Andre stumble across this directory: C:\Program Files\VMware\Infrastructure\vSphereWebClient\server\serviceability\logs\byUser

That shows logs for each user who logs into the web client. It’s also not documented in the KB article I referenced above. Now, here’s where Andre found the problem, take a look at this log:
[2015-08-27 07:59:07.076] [ERROR] session-init-pool-19 70000059 100004 200001 com.vmware.vise.vim.extension.VcExtensionManager Error while downloading or deploying package com.vmware.vcops from https://snip/vcops-ngc.zip, check the URL and the root exception. java.lang.NullPointerException: null
at java.util.AbstractCollection.addAll(Unknown Source)
at com.vmware.vise.vim.extension.VcExtensionManager.addPackages(VcExtensionManager.java:350)
at com.vmware.vise.vim.extension.VcExtensionManager.sessionStarted(VcExtensionManager.java:156)
at com.vmware.vise.security.DefaultAuthenticationProvider$1.run(DefaultAuthenticationProvider.java:484)
at java.util.concurrent.Executors$RunnableAdapter.call(Unknown Source)
at java.util.concurrent.FutureTask.run(Unknown Source)
at java.util.concurrent.ThreadPoolExecutor.runWorker(Unknown Source)
at java.util.concurrent.ThreadPoolExecutor$Worker.run(Unknown Source)
at java.lang.Thread.run(Unknown Source)

[2015-08-27 07:59:07.317] [WARN ] session-init-pool-19 70000059 100004 200001 com.vmware.vise.util.session.SessionUtil IllegalStateException in getClientId because session was already terminated.

So we found a fix!

So see the URL there where it’s trying to download the vcops plugin? As it turns out the plugin had become corrupt and was causing the web client to fail, NOT SSO. After unregistering the vcops plugin, everything began to work again.
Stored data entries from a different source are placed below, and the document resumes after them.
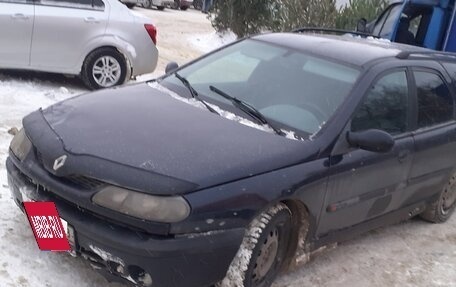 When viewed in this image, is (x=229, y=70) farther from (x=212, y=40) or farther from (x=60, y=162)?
(x=212, y=40)

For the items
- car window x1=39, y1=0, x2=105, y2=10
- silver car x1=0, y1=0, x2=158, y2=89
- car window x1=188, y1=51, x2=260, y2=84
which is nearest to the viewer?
car window x1=188, y1=51, x2=260, y2=84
In the event you have a situation where the webclient is saying SSO is failing, and SSO is actually functioning, you may want to check one of these logs and possibly unregister all plugins.

I can’t take the credit for this, it was all Andre, but I wanted to share so I can hopefully help someone else in the same boat we were!